You have not deployed the props.conf configurations to the correct place. Unlike every other indexing-related configuration which should be deployed on the first full-instance of Splunk that receives it (either the HF or Indexer tier), the INDEXED_EXTRACTIONS configuration must be deployed to the forwarder, the server which possesses the files and and has the inputs.conf that is set to pull in the json. So send it to your forwarder tier, and restart all splunk instances there and it will work when you forward new data in.

mrstrozy · ‎03-06-2019

Also I've tried this and it did not fix my issue.

kundeng · ‎04-24-2020

Did you fix this issue? Does HEC support explicit indexed_extractions of CSV or JSON files when it is set to raw mode?

mrstrozy · ‎03-06-2019

I should've mentioned that we are using the HEC on the forwarders to transfer the data to the indexers. Does that change anything about what you suggested? I'm also still confused about how the configuration works in the test environment without the props.conf on the forwarder.

woodcock · ‎03-06-2019

If you are using HEC, then you are not using INDEXED_EXTRACTIONS. Which is it?

mrstrozy · ‎03-06-2019

Correct me if I'm wrong but I'm not sure why both have to be separate? I was under the impression it went like this:

host -- (through HEC) --> Forwarders ----> Indexers

How would this effect the extractions at all?

woodcock · ‎03-06-2019

That is an insane configuration. Typically HEC runs directly on the Indexers. If this is really your architecture, you need a reboot.

mrstrozy · ‎03-06-2019

I agree the architecture needs to be rethought but according to this article, the HEC can run on either the forwarders or the indexers so I'm not really sure what you're getting at - https://docs.splunk.com/Documentation/Splunk/7.2.4/Data/ScaleHTTPEventCollector

mrstrozy · ‎03-06-2019

I see what you're saying. Yeah after inheriting this instance my goal was to rethink/architect everything but I was swamped with other things and have limited knowledge so I'm all for learning the best practice. You would suggest having the HEC on the indexer cluster, keeping the props.conf there and going from there?

woodcock · ‎03-06-2019

Yes, definitely.
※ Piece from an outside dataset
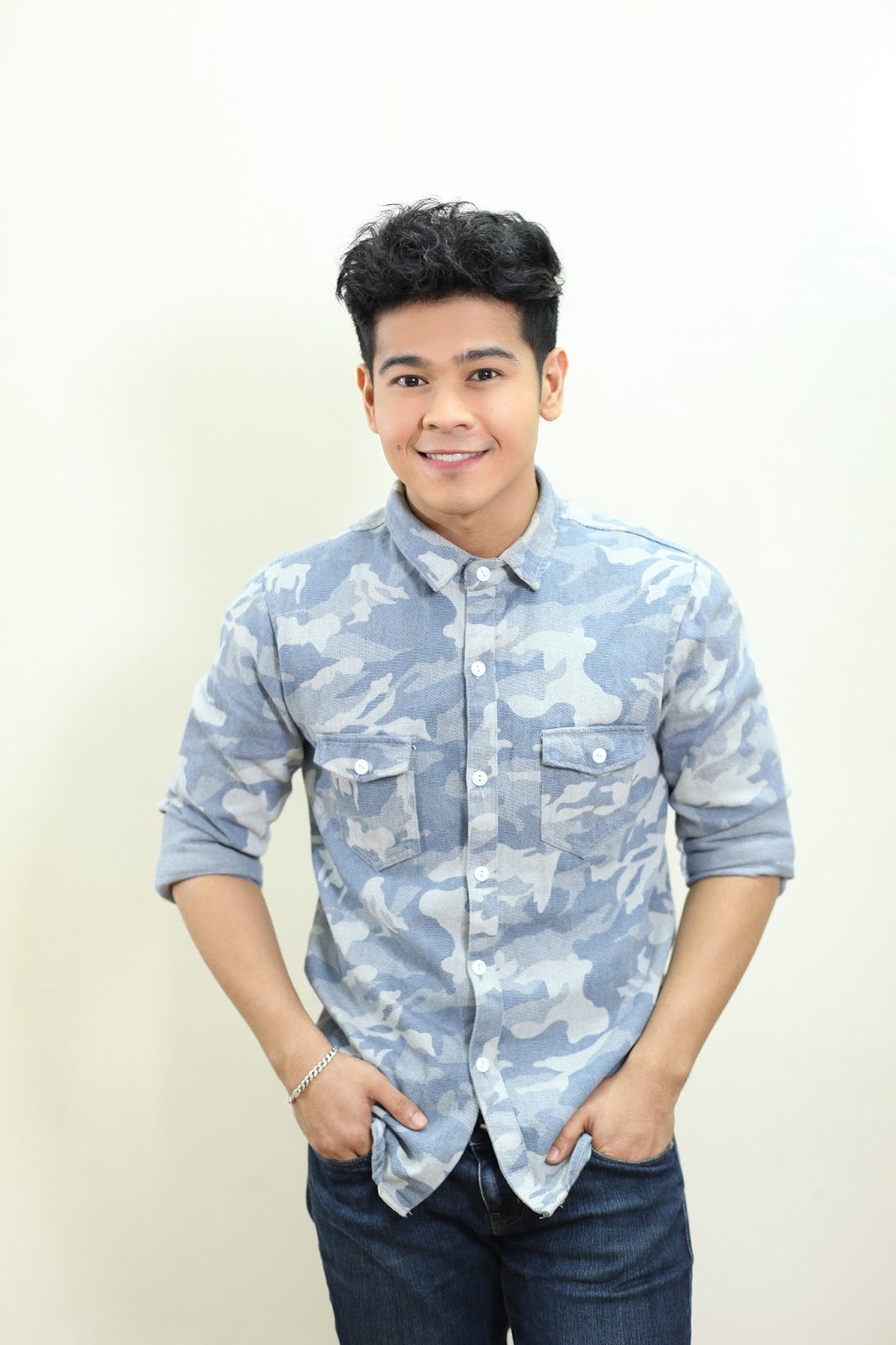 actor Carl Guevarra large photo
This is 100% upside (no downside).

mrstrozy · ‎03-06-2019

Awesome, thanks for your help woodcook it's greatly appreciated

woodcock · ‎03-06-2019

You have created an completely unnecessary bottleneck with your Intermediate Forwarder tier. What is worse, apparently you are writing HEC to disk there, so that you can do INDEXED_EXTRACTIONS which is nuts, because it defeats the primary benefit of HEC: diskless I/O.

tsaikumar009 · ‎03-05-2019

we need to put indexed_extractions = json on Indexer props and kv_mode = none on Search head props.

OR

try to put kv_mode=json on search head props and remove all other json related details from props

mrstrozy · ‎03-05-2019

As for the second solution, we want indexed extractions and not search head extractions which I believe that would cause.

mrstrozy · ‎03-05-2019

Why would it work correctly on my test environment (no props.conf on the search heads) then?

Process of Indexed Extraction Configuration

Join the Splunk Community Slack to learn, troubleshoot, and make connections with fellow Splunk practitioners in real time!

Join Splunk User Groups to connect and learn in-person by region or remotely by topic or industry.

Introducing ITSI 5.0: Unified Visibility and Actionable Insights

Inside Splunk Agent Observability: Understanding Agent Behavior, Tokens & Costs

From Data to Insight: Announcing the Winners of the Splunk Dashboard Contest

Join the Conversation

Process of Indexed Extraction Configuration

Join the Splunk Community Slack to learn, troubleshoot, and make connections with fellow Splunk practitioners in real time!

Join Splunk User Groups to connect and learn in-person by region or remotely by topic or industry.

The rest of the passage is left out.